'Cosmetic crisis' waiting to happen
Injections to plump up the skin are a "crisis waiting to happen" and should be available only on prescription, a UK review of cosmetic procedures has said.
It warned that dermal fillers, covered by only the same level of regulation as toothbrushes, could cause lasting harm.
The independent review added cosmetic surgery had been "trivialised". It also attacked "distasteful" companies for putting profit ahead of care.
The review has recommended a series of measures to better protect patients.
It was commissioned by the Department of Health in England, but the findings will be passed to health ministers throughout the UK.
From fillers to breast implants - the cosmetic procedures industry is booming. It was worth £750m in the UK in 2005, £2.3bn in 2010 and is forecast to reach £3.6bn by 2015.
But there is considerable concern that regulations have failed to keep pace - leaving patients vulnerable.
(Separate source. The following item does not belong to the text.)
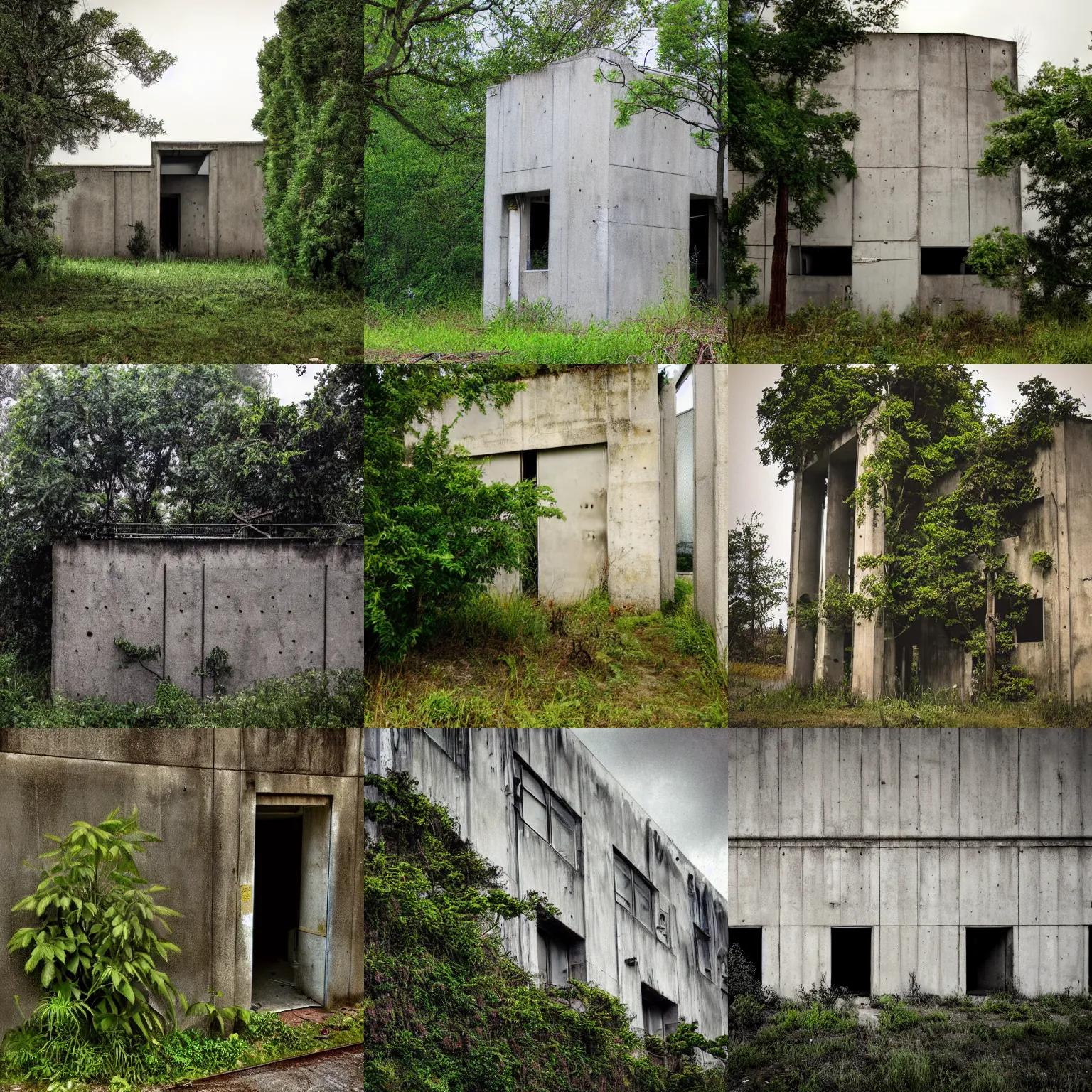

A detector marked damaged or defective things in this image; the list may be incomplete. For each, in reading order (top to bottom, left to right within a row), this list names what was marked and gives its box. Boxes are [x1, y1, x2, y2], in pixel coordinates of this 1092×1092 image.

The biggest growth is in non-surgical procedures such as fillers to tackle wrinkles, Botox and laser hair removal - the area the report describes as "almost entirely unregulated".
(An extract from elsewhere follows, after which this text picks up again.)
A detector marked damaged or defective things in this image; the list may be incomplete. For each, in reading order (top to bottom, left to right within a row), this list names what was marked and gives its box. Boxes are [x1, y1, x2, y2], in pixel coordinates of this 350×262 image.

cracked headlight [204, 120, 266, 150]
The advisory panel said the procedures, which could go horribly wrong, were being treated as casually as having highlights done at a lunchtime hairdresser's appointment and had become commonplace at "beauty parties".
Sir Bruce Keogh, the NHS medical director for England who led the review, said: "The most striking thing is that anybody, anywhere, anytime can give a filler to anybody else, and that is bizarre."
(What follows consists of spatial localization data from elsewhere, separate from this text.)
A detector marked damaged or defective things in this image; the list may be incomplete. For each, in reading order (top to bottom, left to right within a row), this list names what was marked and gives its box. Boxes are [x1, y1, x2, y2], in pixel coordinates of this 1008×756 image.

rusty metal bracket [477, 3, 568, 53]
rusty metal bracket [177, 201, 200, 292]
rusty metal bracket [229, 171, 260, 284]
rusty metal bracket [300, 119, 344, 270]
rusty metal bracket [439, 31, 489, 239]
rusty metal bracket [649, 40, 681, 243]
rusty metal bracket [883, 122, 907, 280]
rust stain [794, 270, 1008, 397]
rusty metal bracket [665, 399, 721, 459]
At a European level, both medical devices such as breast implants and Botox, which is classed as a medicine, are regulated.
Fillers are deemed to have no medical purpose so are regulated in the same way as toothbrushes and ball-point pens. There are 190 different fillers available in Europe compared with just 14 in the US.
Bad practice
Sir Bruce also said cosmetic surgery deals, such as buy-one-get-one-free offers and handing out free breast surgery as prizes in raffles, were a "particularly distasteful" way of incentivising people to go under the knife.
There were also questions of safety. The review said there were no checks on surgeons' qualifications in some parts of the private sector, an issue made worse by more than half of cosmetic surgery being performed by "fly in, fly out" doctors - surgeons based abroad who fly into the UK to perform operations and then fly back out again.
The review recommends:
- Legislation to classify fillers as prescription only
- Formal qualifications for anyone who injects fillers or Botox
- Register of everyone who performs surgical or non-surgical cosmetic interventions
- Ban on special financial offers for surgery
- Formal certificate of competence for cosmetic surgeons
- A breast implant register to monitor patients
- Patients' procedures must be approved by a surgeon not a salesperson
- Compulsory insurance in case things go wrong
- A pooled fund to help patients when companies go bust - similar to the travel industry
Dan Poulter, Health Minister for England, said he agreed "entirely" with the principles of the recommendations and there would be a full response in the summer.
"There is a significant risk of people falling into the hands of cowboy firms or individuals whose only aim is to make a quick profit. These people simply don't care about the welfare of the people they are taking money from.
"It is clear that it is time for the government to step in to ensure the public are properly protected."
Common sense
The review was started after a global health scare caused by breast implants made by the French firm Poly Implant Prothese (PIP).
The implants were filled with industrial grade silicone and had double the rupture rate of other implants.
Catherine Kydd, 40, from Dartford in Kent, had ruptured PIP breast implants.
She said: "Why is it acceptable that I have to live with industrial silicone in my lymph nodes for the rest of my life due to this industry that is not properly regulated?"
Her story is far from unusual. Michael Saul, from TJL solicitors, represents the victims of botched cosmetic procedures, including one patient who went blind in one eye immediately after being injected with a dermal filler.
"Profits before patients, that's what happens. Surgery is sold like double glazing and it's totally wrong.
"I think it is very difficult for there to be any rational and reasonable opposition to [the recommendations], they're really sensible common sense suggestions."
Sally Taber, director of the Independent Healthcare Advisory Services, which represents the cosmetic surgery industry, praised the review.
"There has been so much bad practice out there, it's very welcome," she said. But she remained "concerned" at a lack of extra protection for people having laser procedures.
Ms Taber added: "Surgeons being on a specialist register will be an issue because we have got a lot of surgeons who fly in, fly out, as such, so that will be an issue that will be controversial."
The British Association of Aesthetic Plastic Surgeons welcomed the report saying it was "thoroughly relieved" with the findings and that there was an "urgent need" for dermal fillers to be classed as prescription medicines.
The British Association of Plastic, Reconstructive and Aesthetic Surgeons said there had been an exponential increase in the number of cosmetic interventions and that it hoped "they achieve parliamentary approval and support quickly".